▸ Task description: Each line from the one containing "长岛外资银行贷款，机遇与挑战并存的市场新宠" to the last line of the listing below is to be duplicated exactly, and no picture is to be carried over.

*** Provided data Section Begins ***

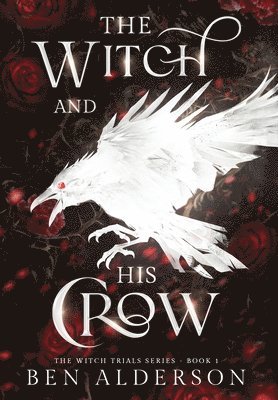 The Witch and His Crow 1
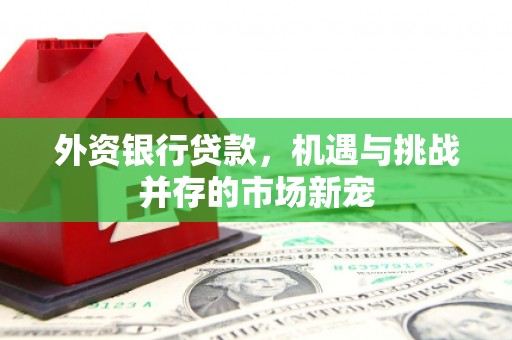 长岛外资银行贷款，机遇与挑战并存的市场新宠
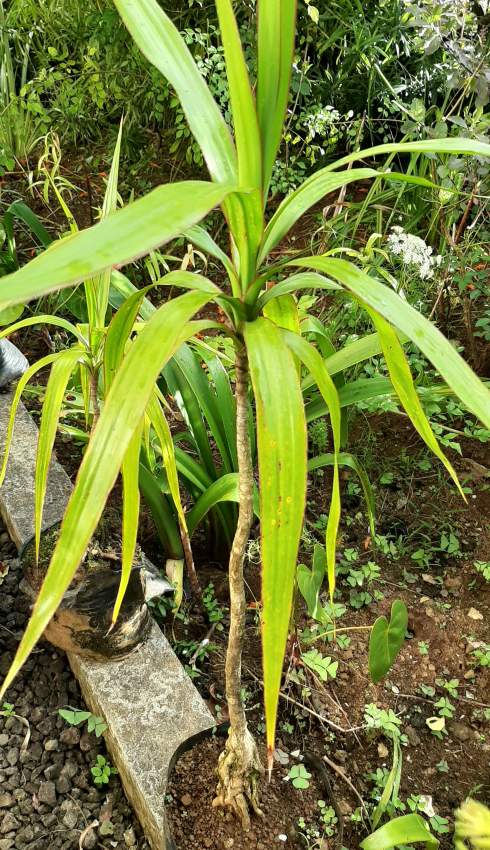 Dracaena - 1 - Plants and Trees  on Aster Vender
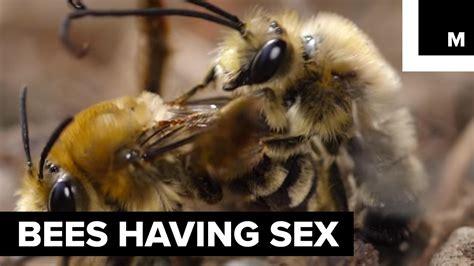 bees getting it on youtube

*** Provided data Section Ends ***

▸ Answer section:
 长岛外资银行贷款，机遇与挑战并存的市场新宠
 Dracaena - 1 - Plants and Trees  on Aster Vender
 bees getting it on youtube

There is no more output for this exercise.